▶ [DIRECTIONS FOR THIS TASK]: Each entry has to be given again in its exact wording, and no picture may appear in the result.

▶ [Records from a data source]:
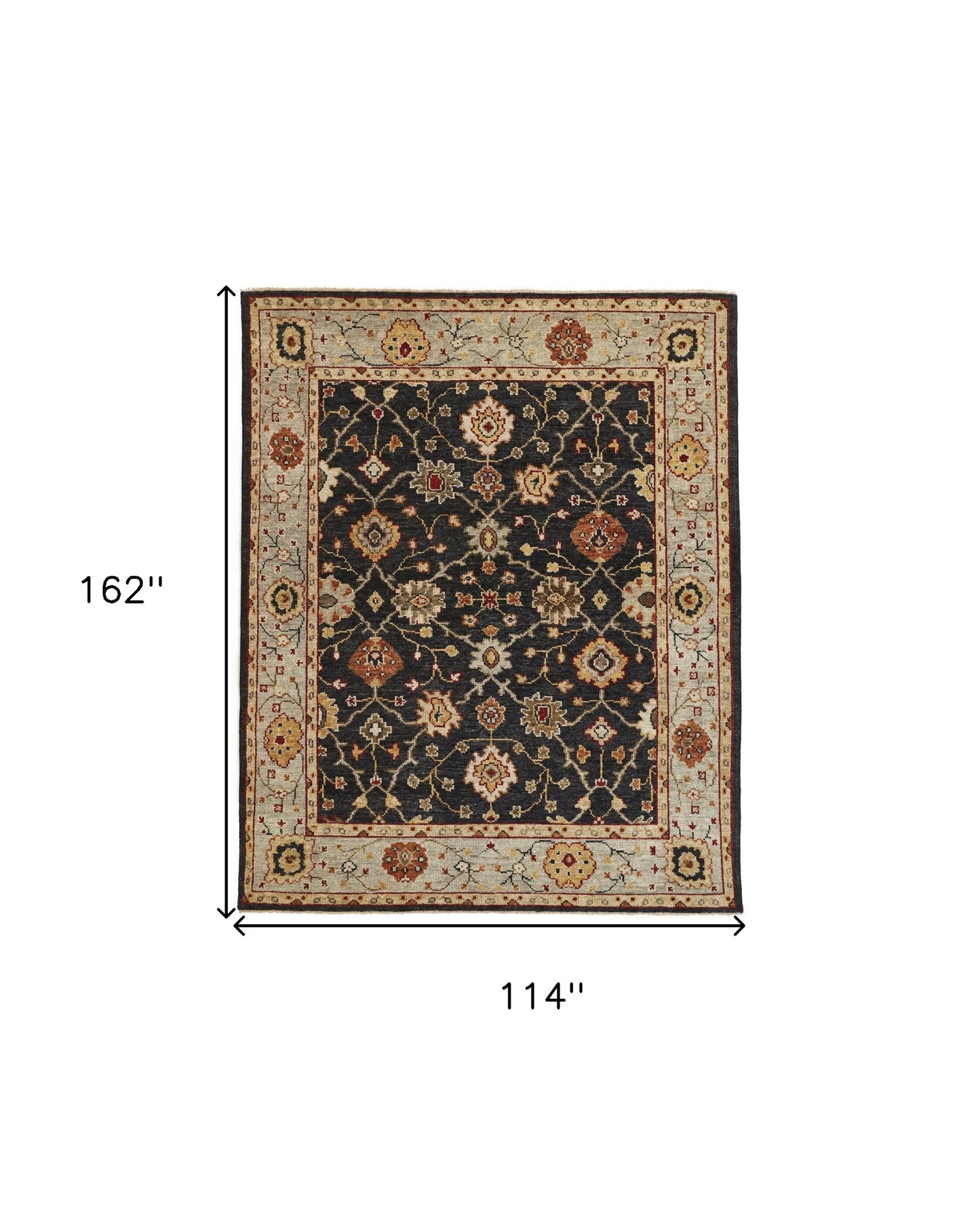 8' X 10' Black Gold And Gray Wool Floral Hand Knotted Stain Resistant Area Rug With Fringe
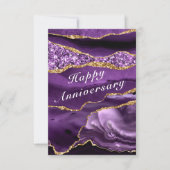 Paarse Goud Uw QR code wenst Jubileum Kaart (Voorkant)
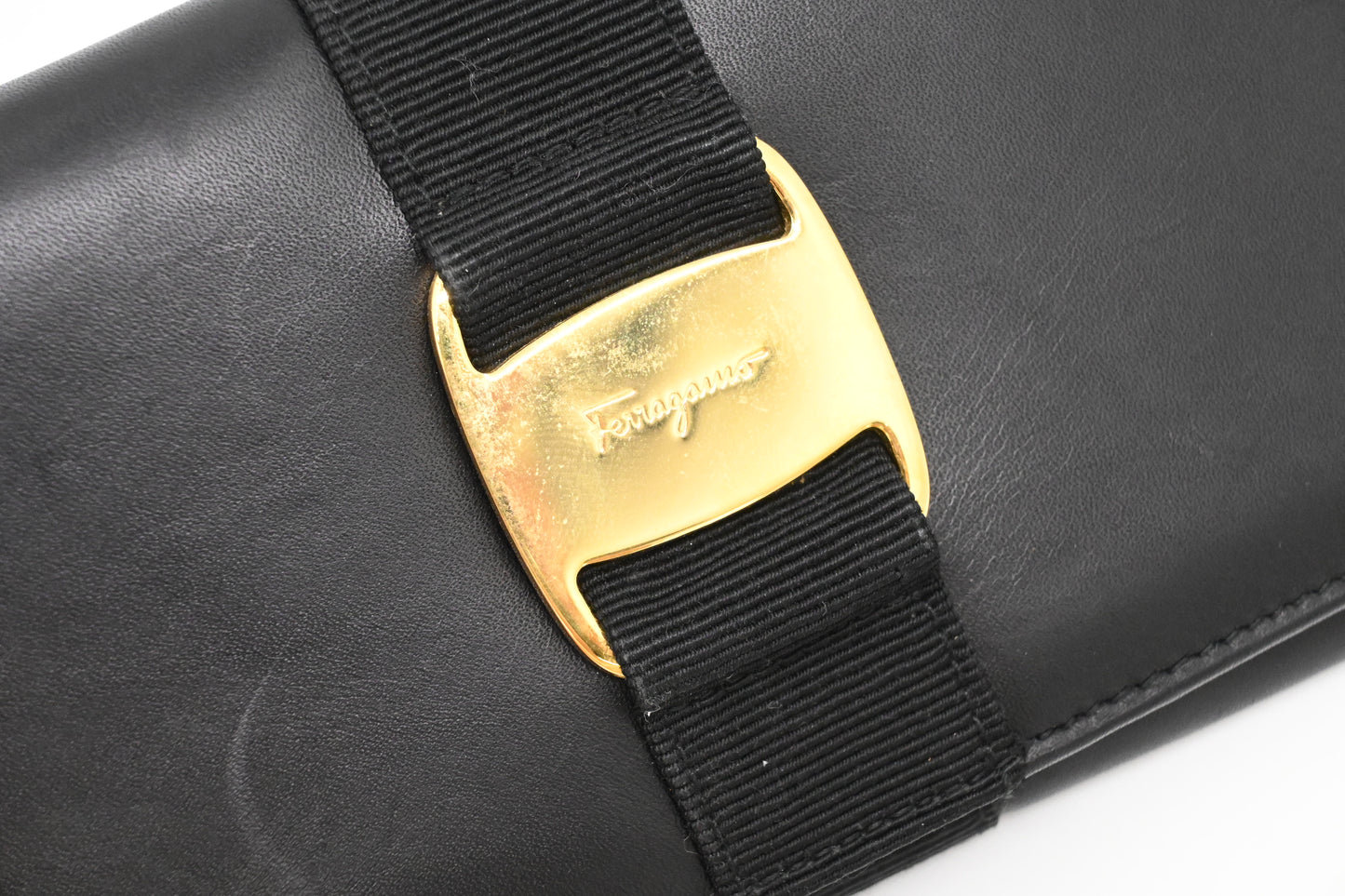 Ferragamo Long Wallet in Black Leather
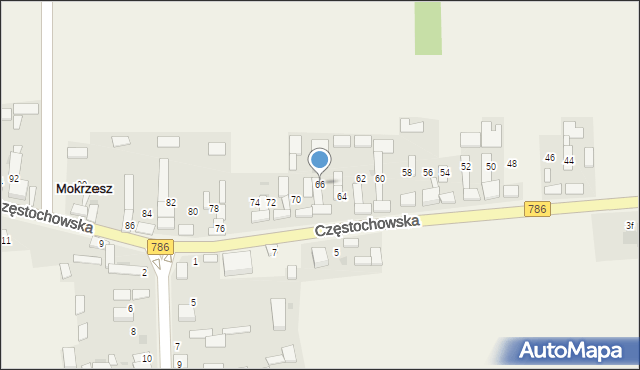 Mokrzesz, Częstochowska, 66, mapa Mokrzesz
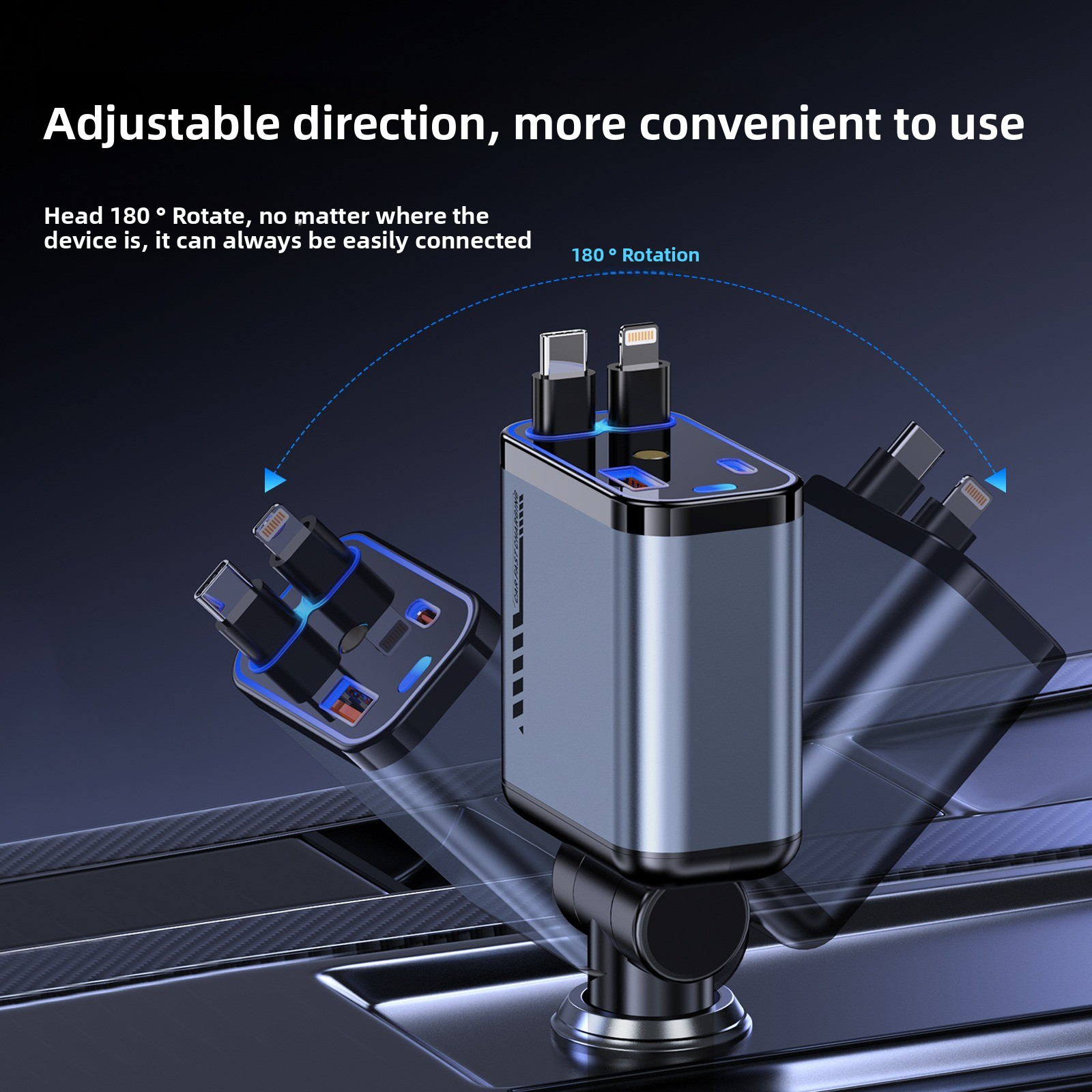 120W USB C Fast Car Charger with PD Quick Charge, 4 in 1 Retractable Cable Cigarette Lighter Car Charger, 180° Rotating Head, for iPhone and Android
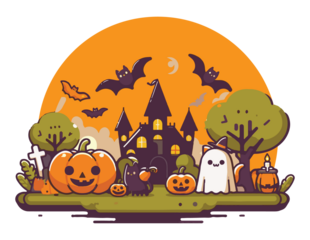 halloween house with pumpkin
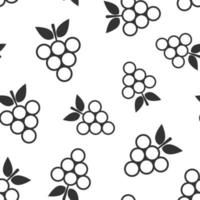 Grape fruits sign icon seamless pattern background. Grapevine vector illustration on white isolated background. Wine grapes business concept.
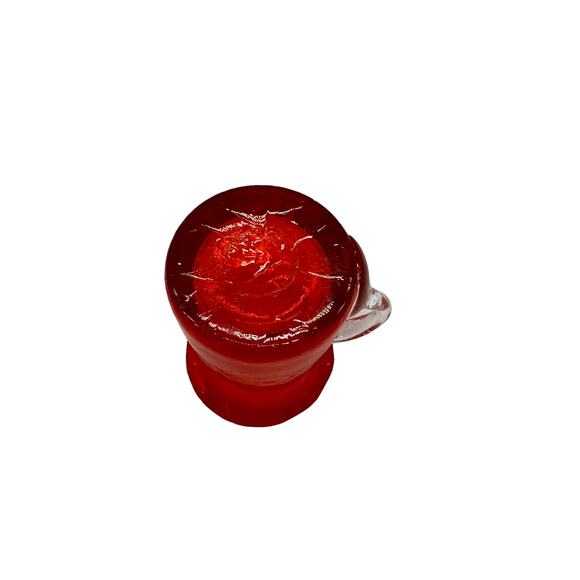 Art Glass Red Crackle Creamer with Scalloped Edge - Picture 6 of 6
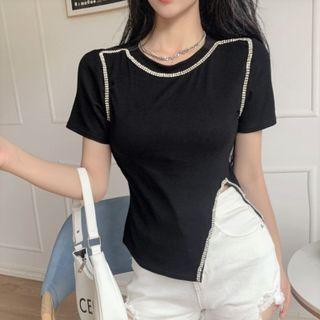 Rhinestone Slit T-shirt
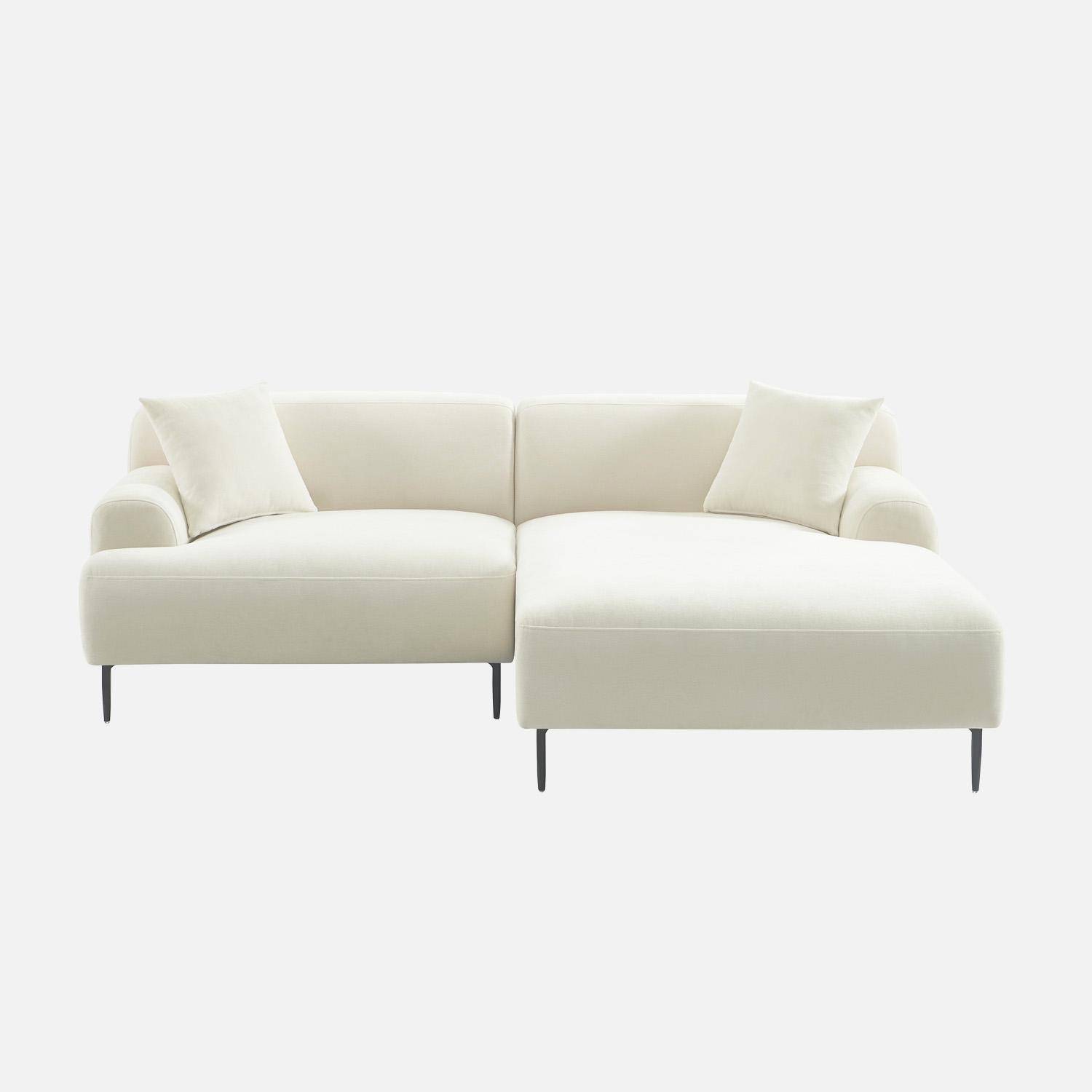 Canapé d'angle droite 3 places tissu crème, pieds métal - Watson,sweeek,Photo2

▶ [ANSWER TO THE PROBLEM]:
 8' X 10' Black Gold And Gray Wool Floral Hand Knotted Stain Resistant Area Rug With Fringe
 Paarse Goud Uw QR code wenst Jubileum Kaart (Voorkant)
 Ferragamo Long Wallet in Black Leather
 Mokrzesz, Częstochowska, 66, mapa Mokrzesz
 120W USB C Fast Car Charger with PD Quick Charge, 4 in 1 Retractable Cable Cigarette Lighter Car Charger, 180° Rotating Head, for iPhone and Android
 halloween house with pumpkin
 Grape fruits sign icon seamless pattern background. Grapevine vector illustration on white isolated background. Wine grapes business concept.
 Art Glass Red Crackle Creamer with Scalloped Edge - Picture 6 of 6
 Rhinestone Slit T-shirt
 Canapé d'angle droite 3 places tissu crème, pieds métal - Watson,sweeek,Photo2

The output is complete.